- Region: Unidentified location in northeastern Tasmania
- Ethnicity: Unidentified tribe of Tasmanians
- Extinct: 19th century
- Language family: Northeastern Tasmanian "Norman";

Language codes
- ISO 639-3: None (mis)
- Glottolog: None

= Norman Tasmanian language =

Extinct language of northeast Tasmania

A variety of aboriginal Tasmanian attested in a manuscript nicknamed the "Norman" vocabulary is identified as a distinct language in the reconstructions of Claire Bowern. The Norman vocabulary was originally compiled by Reverend James Norman of Sorell, Tasmania, and was apparently later copied by Charles Sterling. The list of 386 words was handwritten in Sorell, Tasmania in the 19th century by Charles Sterling, who was George Augustus Robinson's clerk from 1829 to 1832. The language was presumably spoken somewhere in the northeast of Tasmania, but the original location of the speakers was not recorded.

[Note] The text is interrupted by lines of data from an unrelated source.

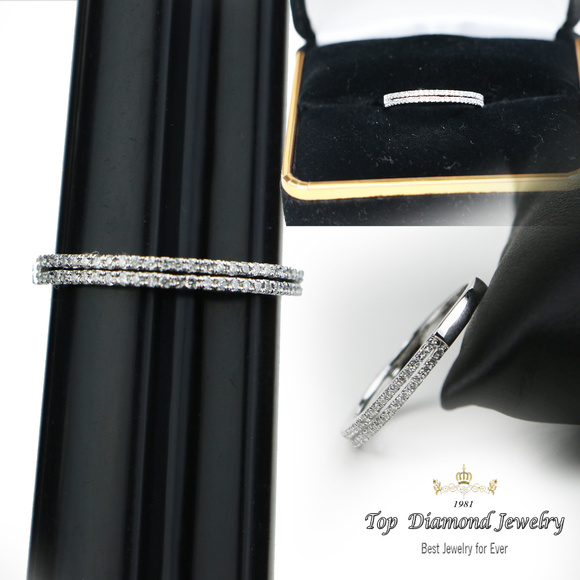 0.24ct 14k WG Diamond Eternity Wedding Ring SZ 5 7 - Picture 5 of 5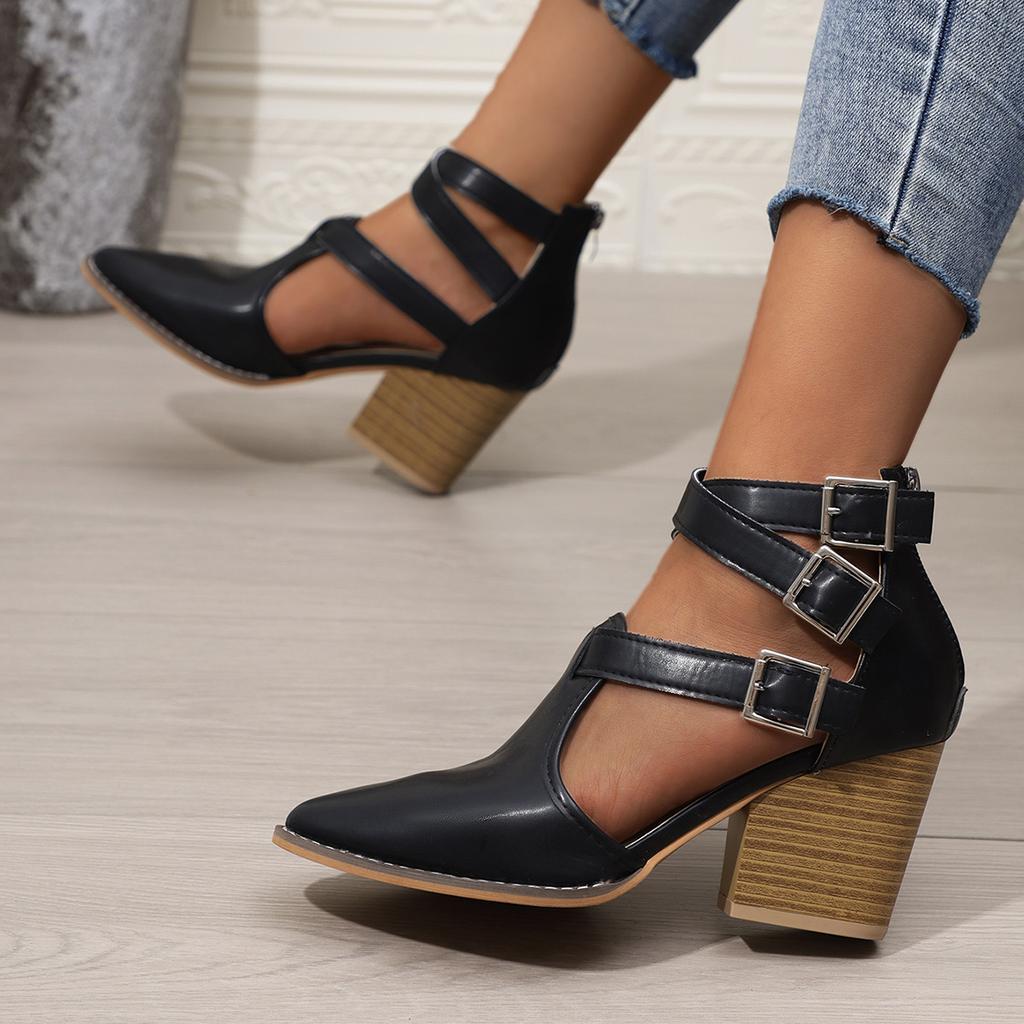 Women's Sandals New Fashion Casual Ladies Pointed Toe Sexy Soft Leather High Heels Comfortable Women Shoes Heeled Sandal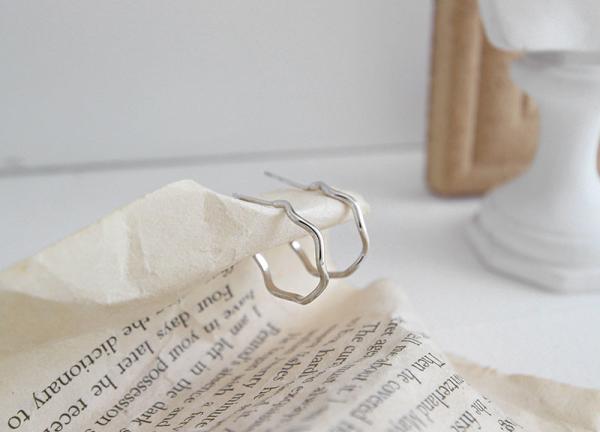 Lanciashow 925 Sterling Silver Gold Plated Hoop Earrings Semicircle Wavy Shape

Plomley (1976) lists a few different versions of the '"Norman" vocabulary:
- ‘The Norman vocabulary’: manuscript in the archives of the Royal Society of Tasmania, now deposited with the University of Tasmania, Hobart.
- ‘The Norman vocabulary’: published by Edward Micklethwaite Curr in The Australian race, vol. 3, pp. 611-616 (1887).
- ‘The Norman vocabulary’: published by the Royal Society of Tasmania in its Papers and Proceedings, for 1910, pp. 333-342 (1911), with a commentary by H. B. Ritz (pp. 343-345).